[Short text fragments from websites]
[Start of Attachment]

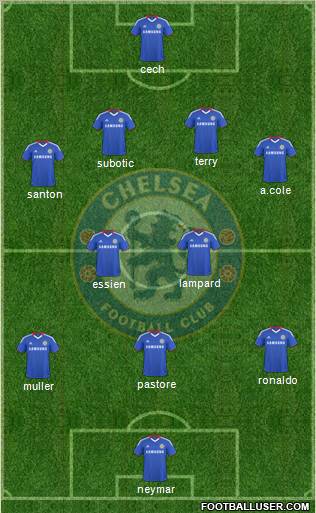 Chelsea Formation 2010
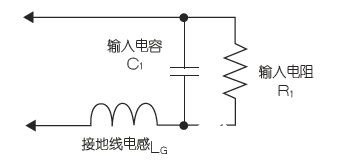 探头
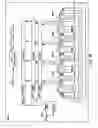 Fig. 32 - Systems and methods for forward error correction in a wireless communication network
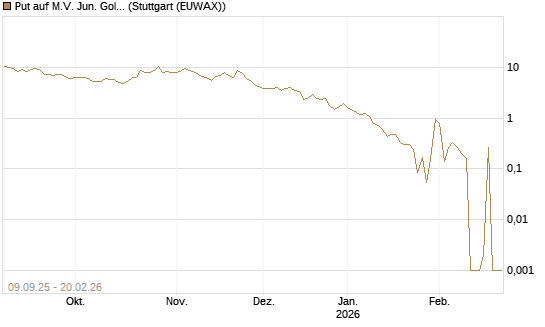 Put auf M.V. Jun. Gold Min. ETF TR USD [Vontobel] Chart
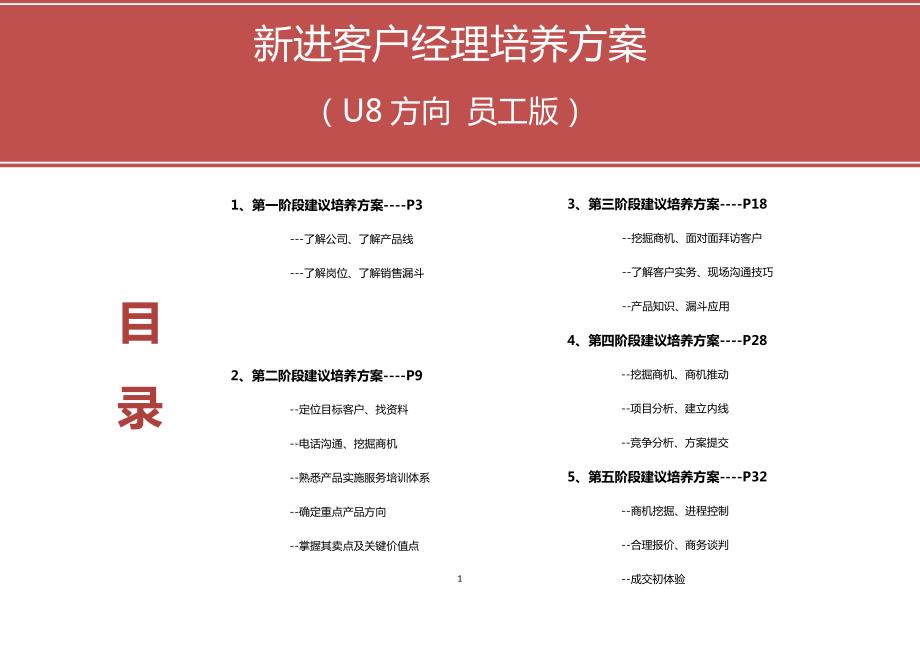 新进客户经理培养方案(员工版v1)_第1页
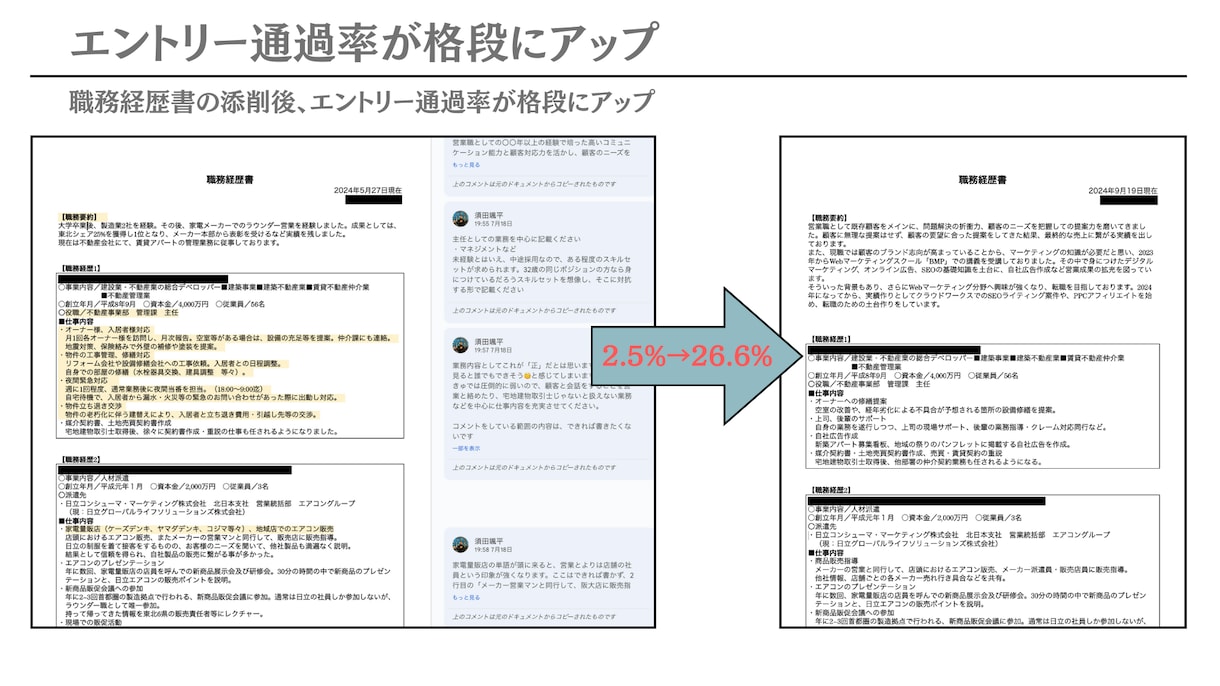 未経験からWEBマーケターになる方法を伝授します 元広告代理店の人事経験から転職を成功させる方法を伝授 イメージ4
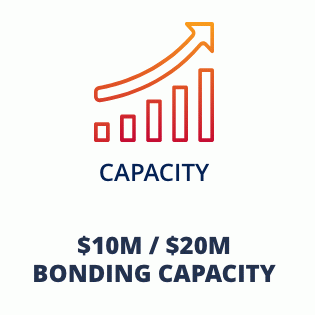 A graph with an arrow pointing up and the words `` $ 10m / $ 20m bonding capacity '' below it.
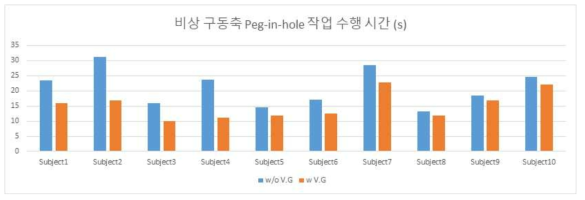 가상가이드 미적용 대비 peg-in-hole 작업 수행 시간 단축 비율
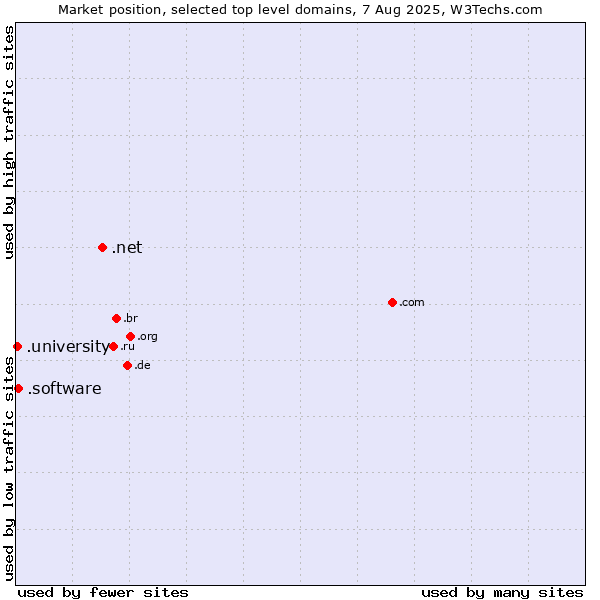 Market position of .net (Network providers) vs. .software (Software) vs. .university (University)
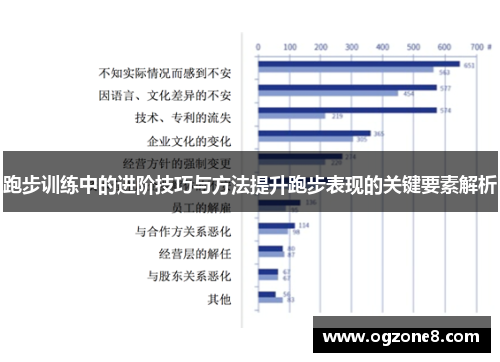 跑步训练中的进阶技巧与方法提升跑步表现的关键要素解析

[End of Attachment]

> Activity
Write out the lines that run from the line containing "가상가이드 미적용 대비 peg-in-hole 작업 수행 시간 단축 비율" to the end of the entries, inclusive, exactly as written. Skip every picture.

> Completed exercise
 가상가이드 미적용 대비 peg-in-hole 작업 수행 시간 단축 비율
 Market position of .net (Network providers) vs. .software (Software) vs. .university (University)
 跑步训练中的进阶技巧与方法提升跑步表现的关键要素解析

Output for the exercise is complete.